(WORK ORDER) If a line in the entries contains the string "вырез", include that line in your answer.

(DATA PROVIDED)

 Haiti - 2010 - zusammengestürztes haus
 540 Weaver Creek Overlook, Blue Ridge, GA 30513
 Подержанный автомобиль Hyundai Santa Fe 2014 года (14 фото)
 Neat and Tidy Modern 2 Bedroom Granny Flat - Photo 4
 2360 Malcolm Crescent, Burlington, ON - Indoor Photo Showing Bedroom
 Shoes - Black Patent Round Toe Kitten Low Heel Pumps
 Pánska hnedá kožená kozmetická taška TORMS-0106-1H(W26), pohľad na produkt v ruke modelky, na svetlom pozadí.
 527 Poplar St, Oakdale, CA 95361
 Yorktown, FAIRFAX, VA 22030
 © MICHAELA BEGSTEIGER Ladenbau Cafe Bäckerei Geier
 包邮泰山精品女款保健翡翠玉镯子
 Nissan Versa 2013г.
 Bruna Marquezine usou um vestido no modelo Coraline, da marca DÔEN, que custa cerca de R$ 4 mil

* * *

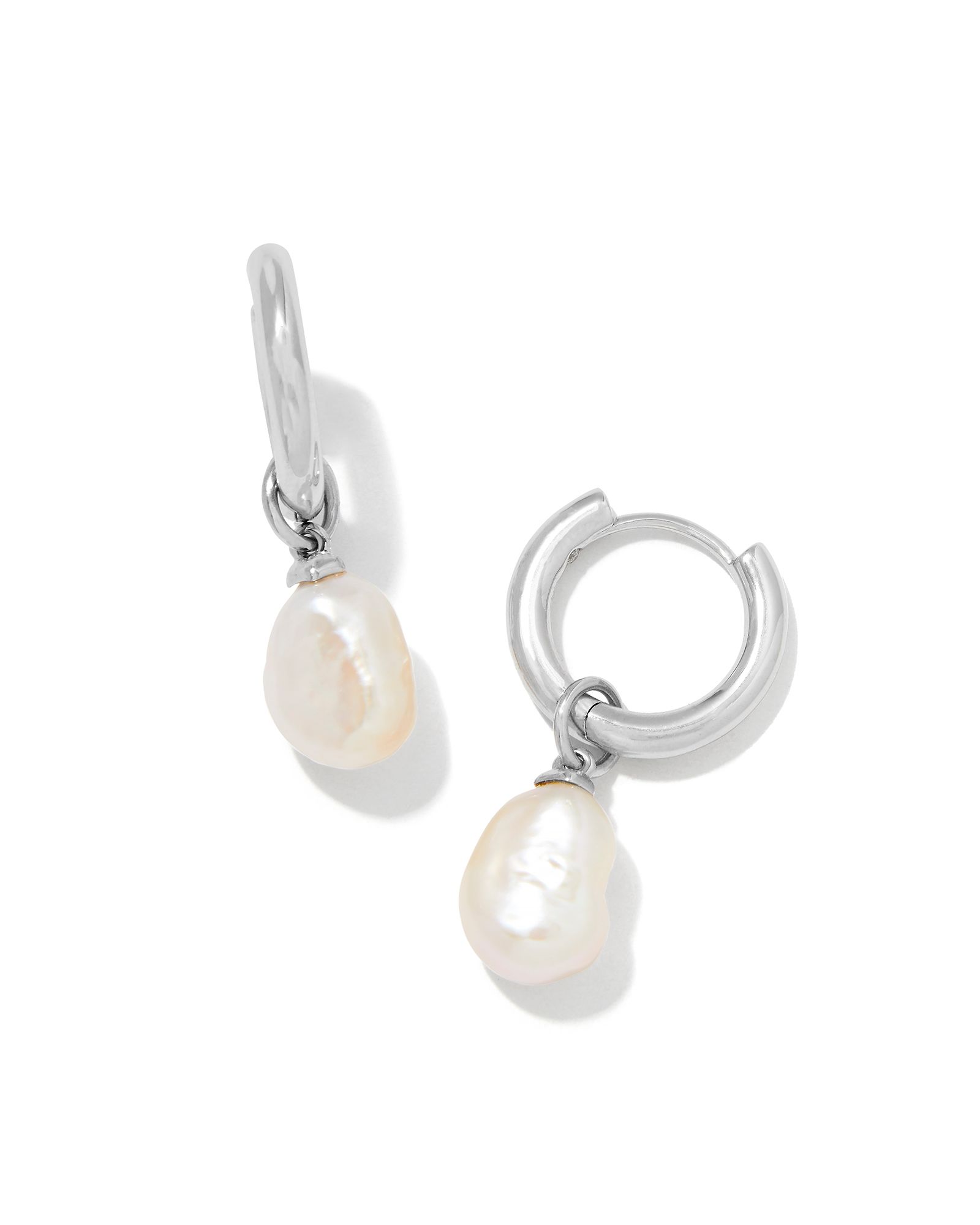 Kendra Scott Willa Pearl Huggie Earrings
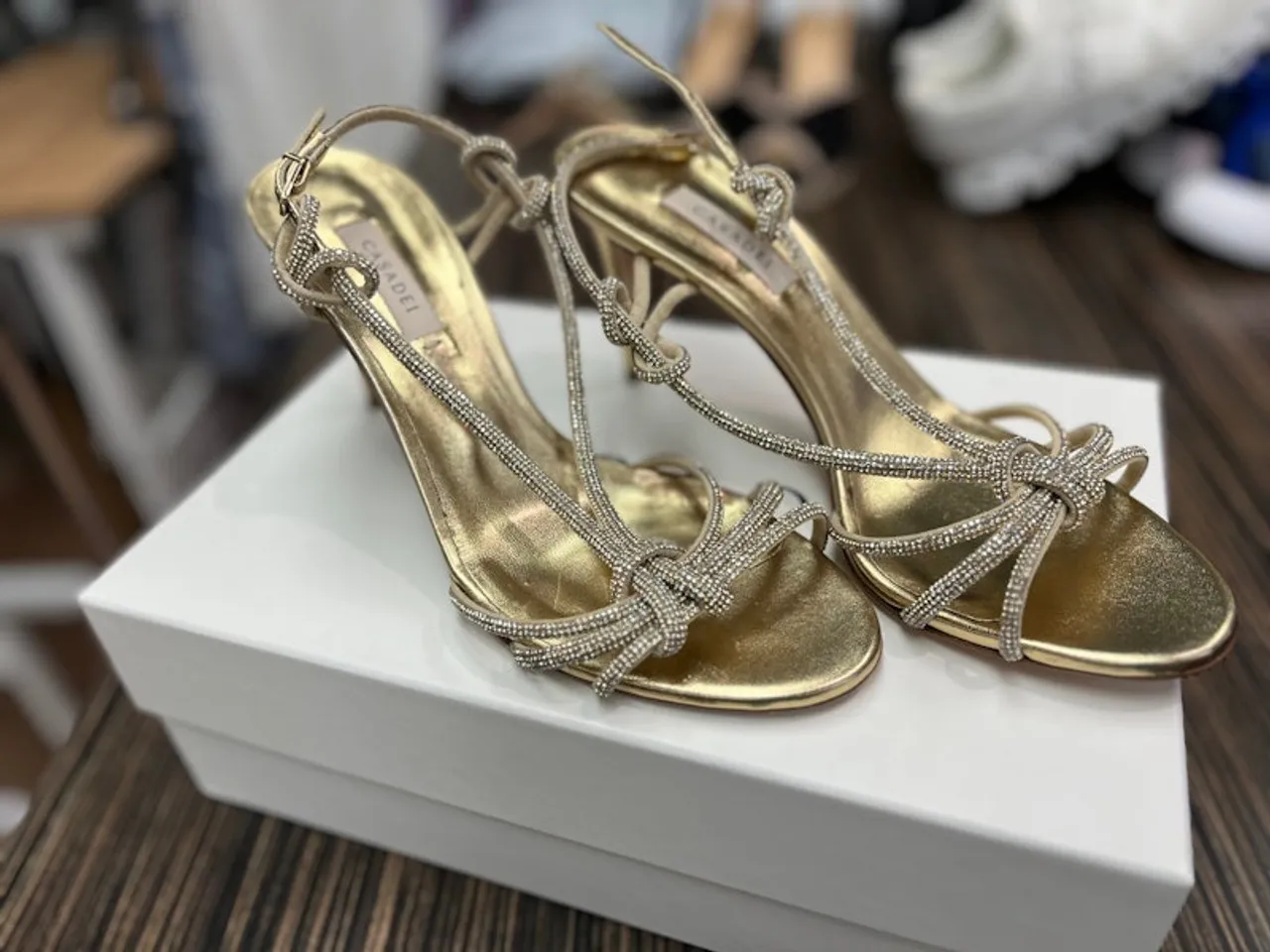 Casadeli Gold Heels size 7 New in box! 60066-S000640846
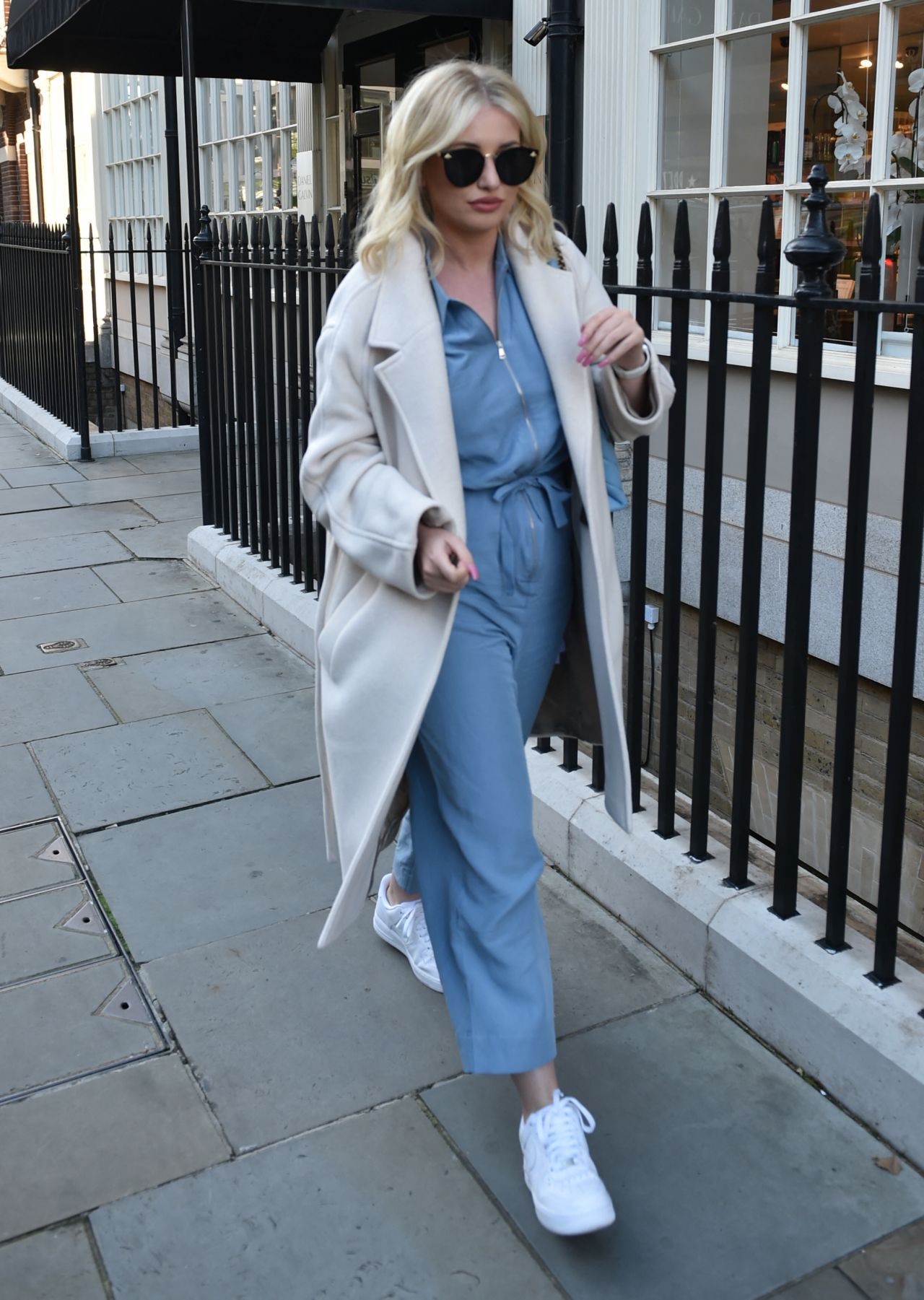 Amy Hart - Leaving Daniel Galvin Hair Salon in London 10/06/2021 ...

...

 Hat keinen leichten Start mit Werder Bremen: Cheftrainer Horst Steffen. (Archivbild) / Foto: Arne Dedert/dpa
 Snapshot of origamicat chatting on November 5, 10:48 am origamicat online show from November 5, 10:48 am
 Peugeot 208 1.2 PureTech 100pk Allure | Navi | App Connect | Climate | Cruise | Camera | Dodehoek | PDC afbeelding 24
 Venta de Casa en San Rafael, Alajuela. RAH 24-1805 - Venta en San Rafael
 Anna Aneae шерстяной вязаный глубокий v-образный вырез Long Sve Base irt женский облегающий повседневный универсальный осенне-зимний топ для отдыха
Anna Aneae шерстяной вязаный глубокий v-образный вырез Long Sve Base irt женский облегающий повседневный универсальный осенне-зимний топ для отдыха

(EXERCISE RESPONSE)
 Anna Aneae шерстяной вязаный глубокий v-образный вырез Long Sve Base irt женский облегающий повседневный универсальный осенне-зимний топ для отдыха
Anna Aneae шерстяной вязаный глубокий v-образный вырез Long Sve Base irt женский облегающий повседневный универсальный осенне-зимний топ для отдыха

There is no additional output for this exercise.